A Knowledge Graph for the Agri-Food Sector
Written by Raul Palma on . Posted in Use Cases
Raul Palma leads the data analytics and semantics department at the Poznan Supercomputing and Networking Center (PSNC), where he coordinates the R&D activities and the center’s participation in various EU projects around these topics. In this guest post for the metaphacts blog, Raul explains how knowledge graph technology can address data integration challenges in the agri-food sector, showcasing it through a few use cases. He describes how he leveraged metaphactory to build a domain-specific application - FOODIE - that delivers intuitive access to distributed, heterogeneous data sources and allows end users to extract meaningful insights.
FOODIE is an agriculture knowledge hub delivered as a Web application built on top of metaphactory Knowledge Graph platform. The application enables an integrated view and access over multiple datasets which have been collected from various and heterogeneous sources relevant to the agriculture sector, transformed, and published as Linked Data / in a Knowledge Graph.
Farm management is a complex process that involves multiple activities carried out by farmers and other stakeholders, who have to manage multiple and heterogeneous data sources collected and generated through various applications, services and devices.
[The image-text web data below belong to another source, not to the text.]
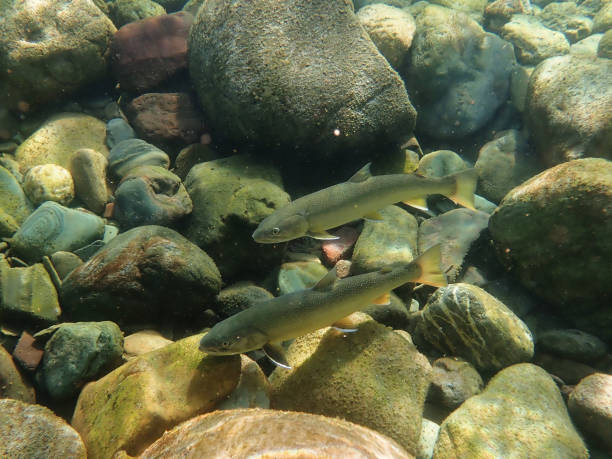 Free picture: bull, trout, fish, salvelinus, confluentus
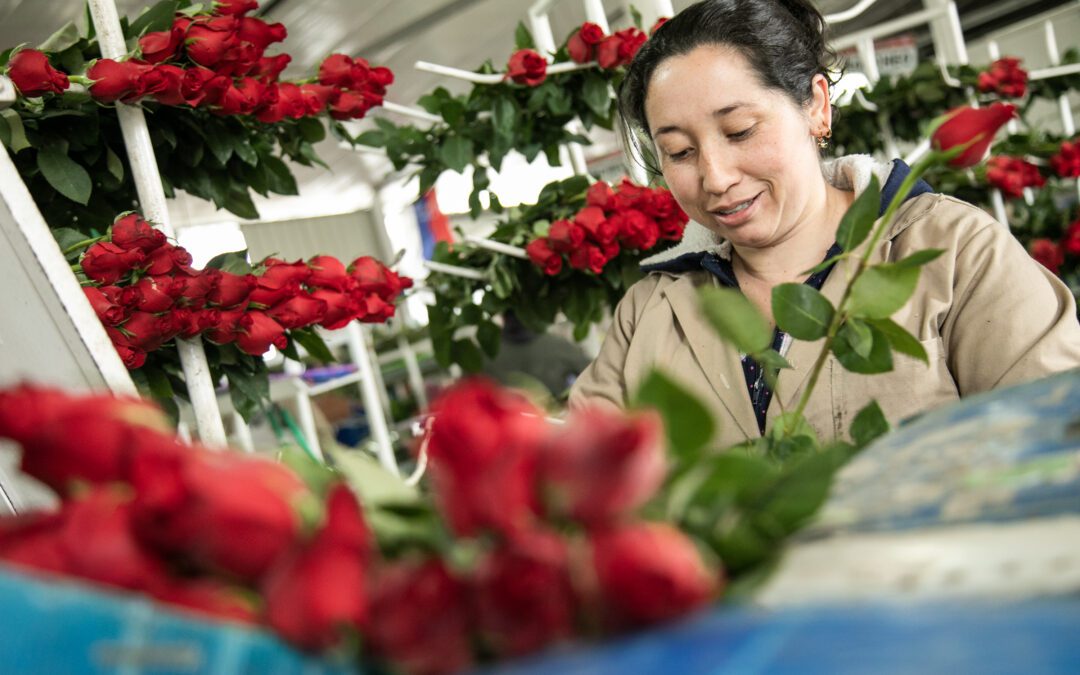 Colombian Farms Advance Gender Equity 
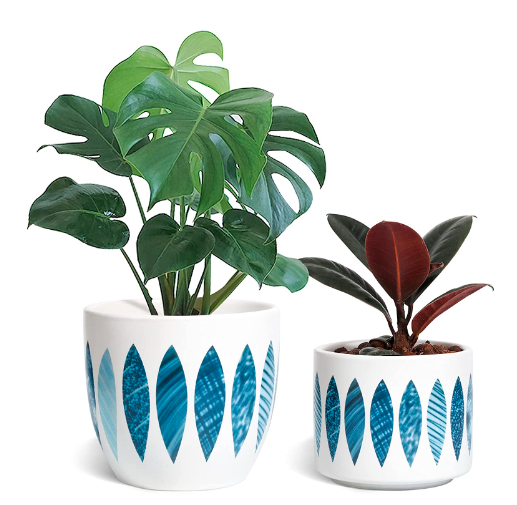Decorative Ceramic Monstera Planter Set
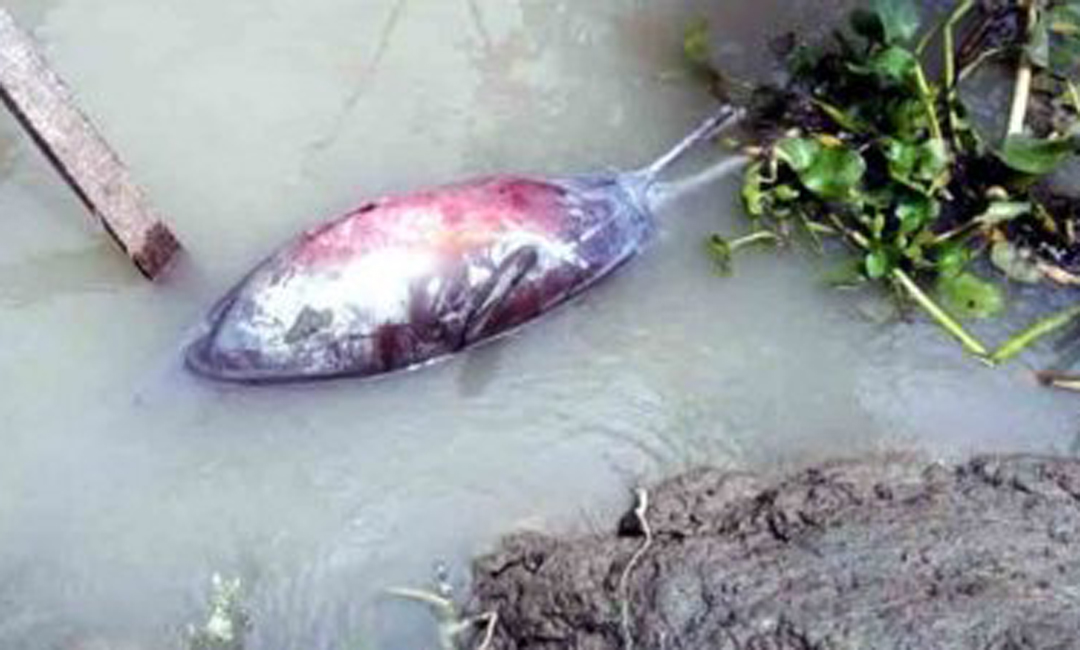 সুন্দরবনে একটি মৃত ডলফিন উদ্ধার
The rapid advances of IoT technologies, AI and Big Data, among others, have boosted the adoption of smart farming practices, which emphasizes the use of ICT in the farm management cycle to exploit the available data.
The explosion of data availability, however, has led to new challenges. Data is usually available in different sources, in different formats, and represented according to different models, thereby hampering data interoperability and integration. The lack of integrated data access, in turn, hinders the full potential of value creation based on all the available data, and the development of smart services and applications supporting the decision making processes. Thus, a key challenge to realise the smart farming vision to its fullest is to combine/integrate those different and heterogeneous data sources in order to support the decision making processes.
Knowledge graphs provide a flexible and efficient solution to address some of those challenges. In particular, they can provide an integrated view over (initially) disconnected and heterogeneous datasets, through the interlinking of different entities, typically by applying Linked Data principles, and in compliance with any privacy and access control needs. Accordingly, different agri-related projects (e.g., DEMETER, OPEN IACS, SIEUSOIL, etc.) are generating and using knowledge graphs based on Linked Data to support large scale harmonization and integration of a large variety of data collected from various heterogeneous sources in order to provide an integrated view on them.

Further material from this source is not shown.